Bridges: Subsequently in the fall, the velocity started to creep up a little bit. He was touching 91 and we started to get excited about how Charlie’s arm was working and the things he was doing. As the course of the next spring went on, he really didn’t materialize. It was just that his arm wasn’t bouncing back from start to start or inning to inning.
The Marlins didn't sign Blackmon. And in 2005, the Red Sox selected him in the 20th round. A combination of the start of some arm trouble, along with a struggling Young Harris offense, led to some at-bats for Blackmon in 2006. As a sophomore, he collected eight wins with 89 strikeouts and made the GJCAA All-Conference team.

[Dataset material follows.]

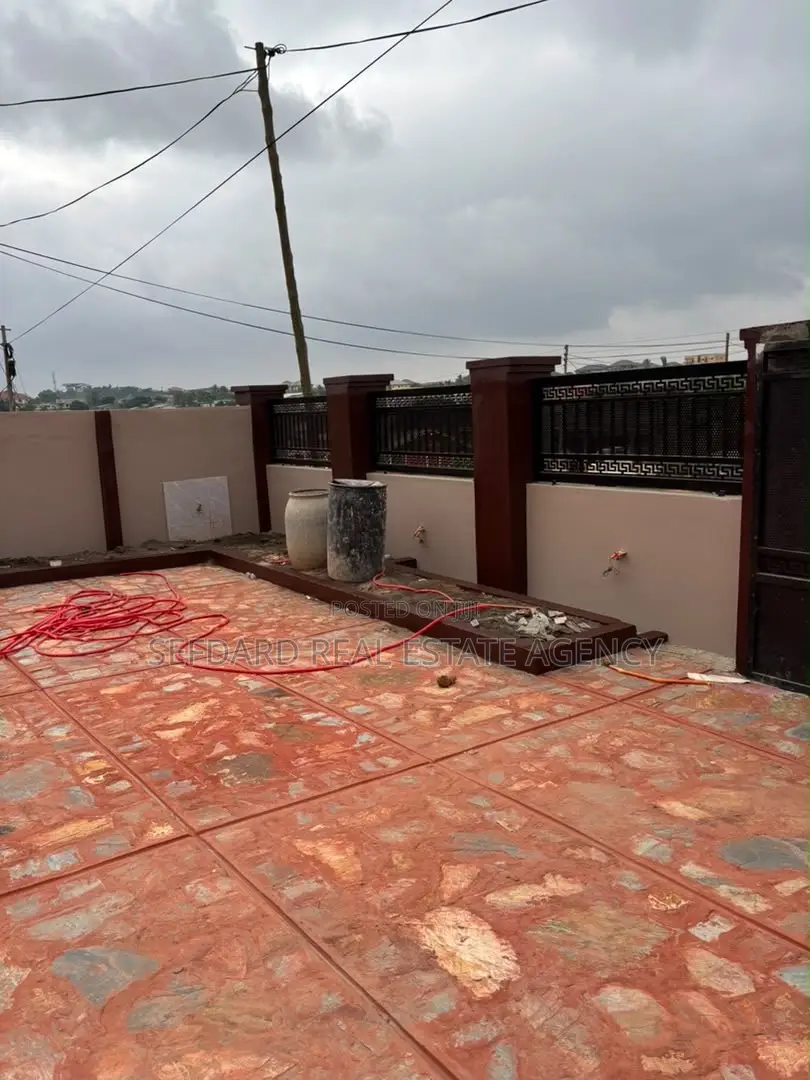 3bdrm House in Sefdard Properties, Gbawe for sale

Blackmon: Halfway through my sophomore year, we were struggling hitting and our coach brought some of the more athletic pitchers out just to shock-and-awe scare the offense. And they let some of these pitchers hit BP to let our offense know they are replaceable. I had a pretty impressive BP, so I got to DH a little bit my sophomore year. But I did not play a position; I was not really a hitter. I remember my coach telling me he wanted me to hit like a pitcher, don’t hit like a hitter. Just go up there and swing the bat. “Don’t think. You’re a pitcher. We’re going to put you in there to hit here and there. No approach. Just see it and hit it.”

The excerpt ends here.